There has been growing concern in Canada about a chill on peaceful, democratic protests. In the latest incident police officers, posing as protesters, allegedly attempted to incite violence at a protest in Montebello, Quebec.
If violence had broken out, it would have given the police a pretext to use force against the protesters.
The Sûreté du Québec initially denied the allegations, but now they admit that the three phony protesters were members of their force. They still deny that the officers were sent to stir up trouble.
The three “agents provocateurs” were carrying large rocks. They were confronted by a union leader who told them,
Go on, it’s our line. It’s a peaceful demonstration. … Put the rock down, cop.
Moments later, the three officers approached the police line. They “broke through” the line (against token resistance), then they were handcuffed and led away. It was an obvious charade to get the officers out of the predicament they were in, while maintaining the pretense that they were protesters.
If you would prefer to watch a professionally edited version of the footage, one is available (after viewing a brief advertisement) on the Globe and Mail site.
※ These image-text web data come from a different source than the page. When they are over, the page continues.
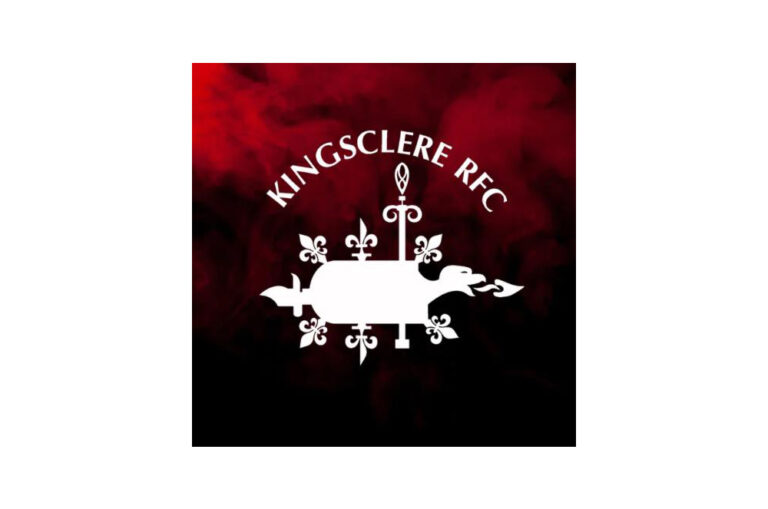 Kingsclere Rugby Club 768x509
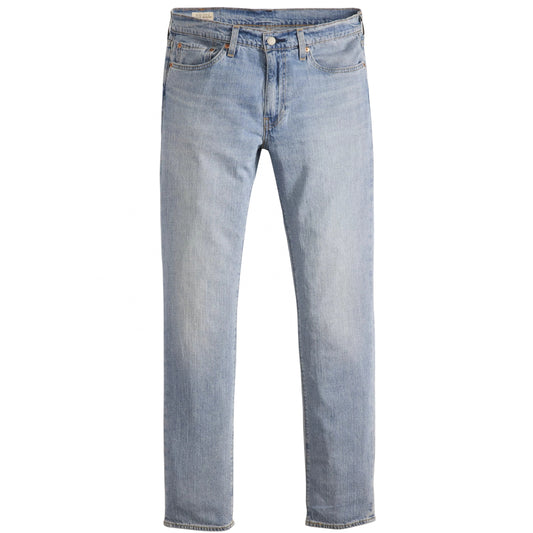 Jeans Levi's 511 Slim UNICO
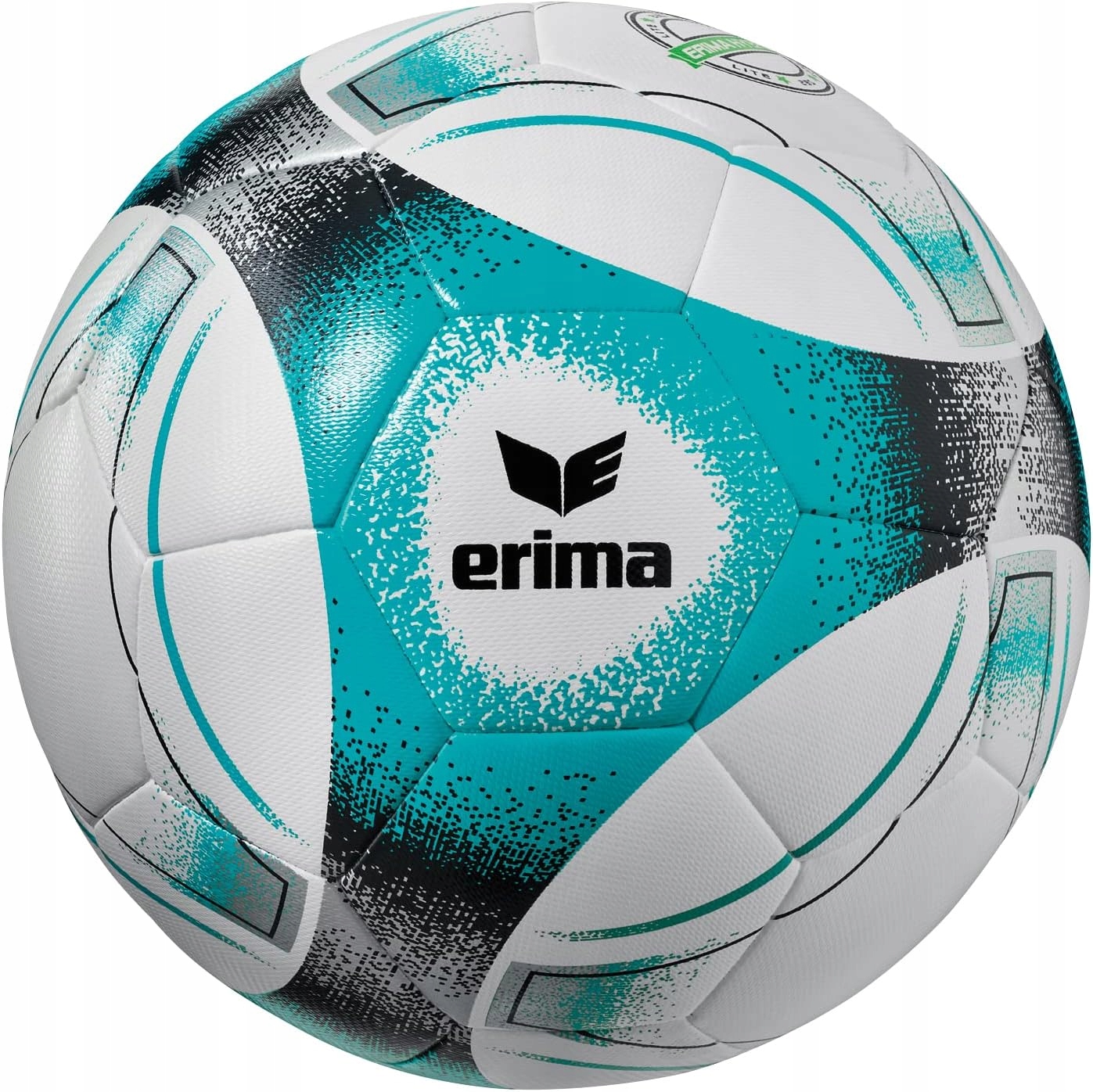 Piłka Nożna Treningowa Erima Hybrid Lite 290 R. 5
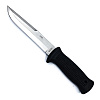Mikov UTON 362-BG Stonewash N690 bez příslušenství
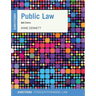 Public Law 3e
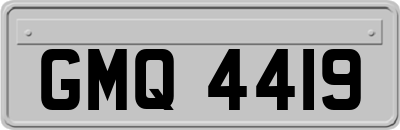 GMQ4419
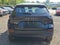 2026 Mazda Mazda CX-5 2.5 S AWD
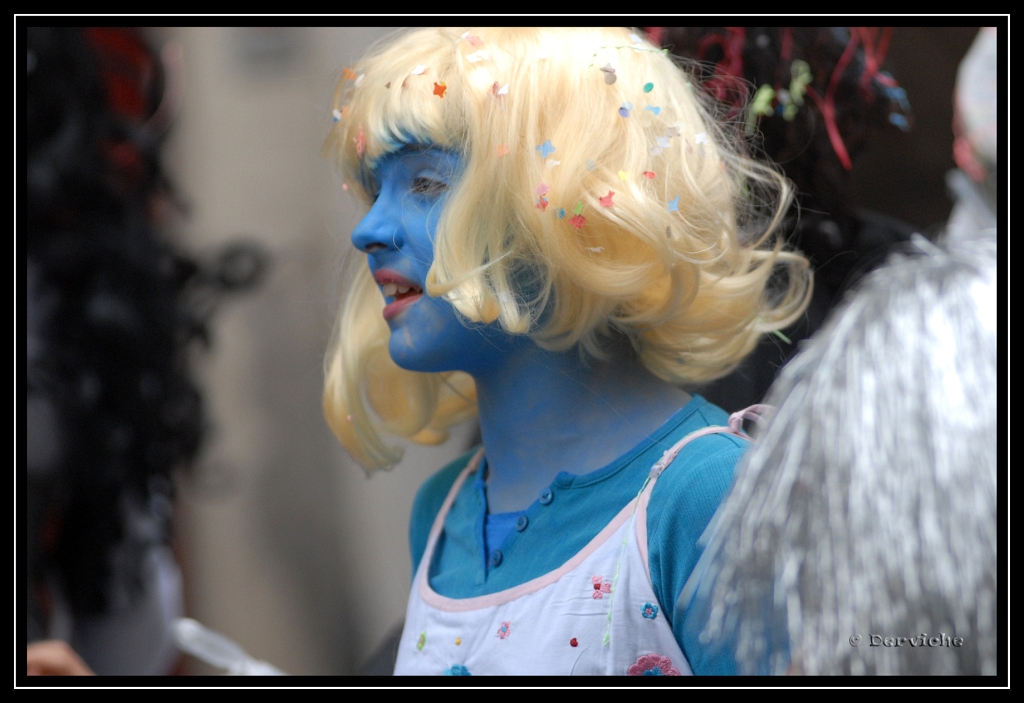 Carnaval_enfants_54.jpg - Carnaval des Enfants - La Rochelle - Avril 2009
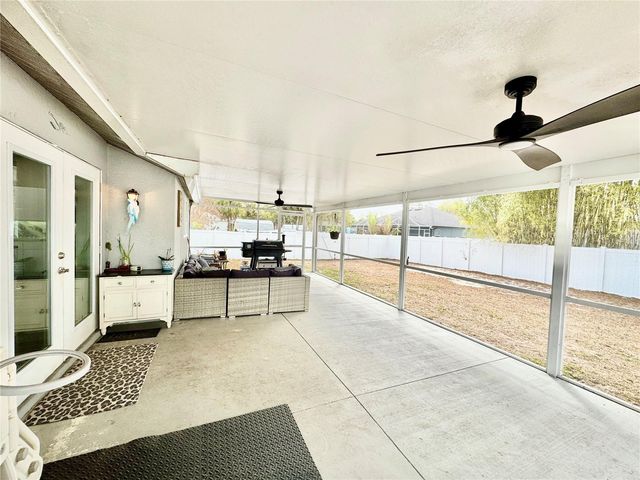 3659 DONAHUE AVENUE, North Port, FL 34288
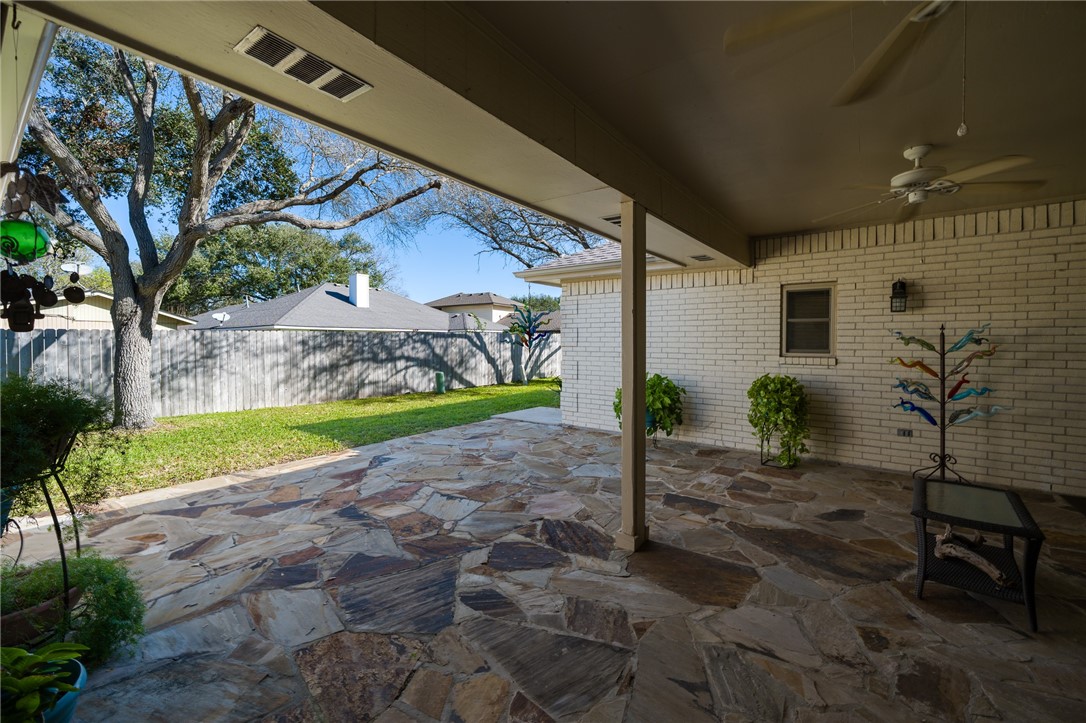 425 Seco Drive Portland, TX 78374 - Photo 32 of 39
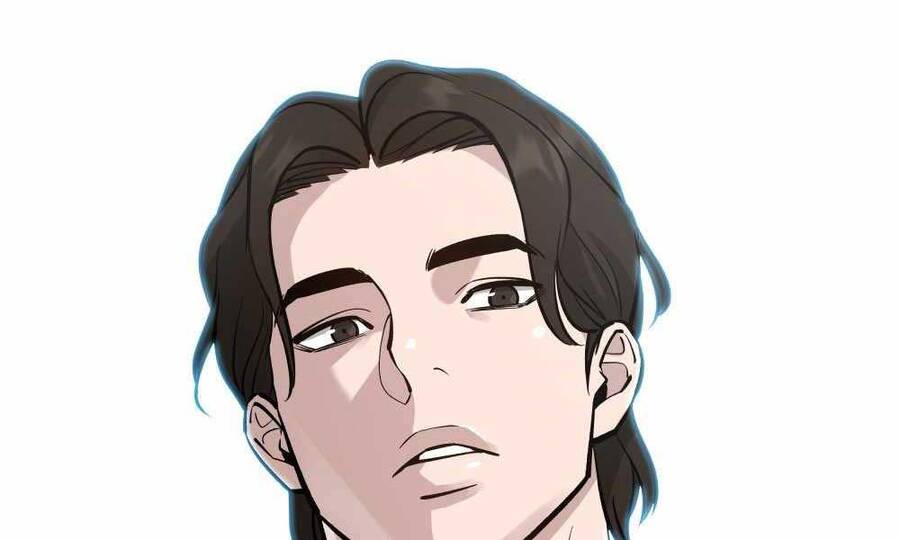 Giang Hồ Thực Thi Công Lý Chap 9 - Next Chap 10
The Sûreté du Québec was operating under the oversight of the Royal Canadian Mounted Police. The Globe and Mail reports:
Marlene Jennings, the federal Liberal justice critic, said the issue goes beyond the provincial police force.
“The RCMP has some explaining to do,” she told The Globe and Mail Thursday night. …
“We have people who blend in with the crowd. Everyone does that. All police forces in every country,” said Jean-Guy Dagenais, who heads the union of Quebec police officers (Association des policières et policiers provinciaux de Québec) that includes the Sûreté du Québec. …
But union leader Dave Coles, one of the organizers of the demonstration, said Monday’s incident went beyond any undercover police officer’s mandate.
“We’re not talking about someone that’s in plainclothes just walking amongst them. They were there armed with boulders. I witnessed them trying to incite a riot. I saw it,” said Mr. Coles, of the Communications, Energy and Paperworkers Union of Canada.
I should note that the chill on protests began under the Liberal government of Jean Chrétien, as part of the general heightening of security post-9/11. But there is a perception among some observers that the Conservative government of Stephen Harper models itself on the Bush Administration in its efforts to stifle dissent.
(What else would you call it when the RCMP remove journalists from the lobby of a public building to prevent them from asking the Government questions?)
Earlier this week, Prime Minister Harper openly mocked the protesters at Montebello:
I’ve heard it’s nothing. A couple hundred? It’s sad.
I didn’t like his tone at the time. It has become doubly offensive in light of the latest developments.